» **Provided records**
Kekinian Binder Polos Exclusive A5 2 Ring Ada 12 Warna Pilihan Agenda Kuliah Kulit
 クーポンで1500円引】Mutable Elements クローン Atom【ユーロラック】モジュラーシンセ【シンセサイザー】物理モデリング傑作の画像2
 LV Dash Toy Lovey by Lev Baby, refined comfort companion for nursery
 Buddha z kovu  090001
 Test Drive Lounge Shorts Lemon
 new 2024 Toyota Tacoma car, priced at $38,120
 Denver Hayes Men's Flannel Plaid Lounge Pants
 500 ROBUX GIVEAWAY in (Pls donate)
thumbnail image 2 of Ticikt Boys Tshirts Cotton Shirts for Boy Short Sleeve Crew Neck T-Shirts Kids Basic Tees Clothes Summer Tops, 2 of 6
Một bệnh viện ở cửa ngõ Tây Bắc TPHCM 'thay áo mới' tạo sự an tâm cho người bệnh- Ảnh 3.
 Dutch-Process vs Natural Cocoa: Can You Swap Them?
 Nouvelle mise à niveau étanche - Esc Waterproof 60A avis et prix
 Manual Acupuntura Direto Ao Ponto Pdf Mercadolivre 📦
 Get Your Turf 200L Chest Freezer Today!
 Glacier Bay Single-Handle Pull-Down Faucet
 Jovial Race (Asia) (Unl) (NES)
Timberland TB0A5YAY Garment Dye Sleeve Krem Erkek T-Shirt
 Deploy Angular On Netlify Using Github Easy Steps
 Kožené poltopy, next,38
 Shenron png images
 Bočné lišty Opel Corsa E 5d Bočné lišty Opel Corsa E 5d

» **Problem details**
Would you set down exactly the lines from the line with "Get Your Turf 200L Chest Freezer Today!" through the last one in the material?

» **Output for this task**
 Get Your Turf 200L Chest Freezer Today!
 Glacier Bay Single-Handle Pull-Down Faucet
 Jovial Race (Asia) (Unl) (NES)
Timberland TB0A5YAY Garment Dye Sleeve Krem Erkek T-Shirt
 Deploy Angular On Netlify Using Github Easy Steps
 Kožené poltopy, next,38
 Shenron png images
 Bočné lišty Opel Corsa E 5d Bočné lišty Opel Corsa E 5d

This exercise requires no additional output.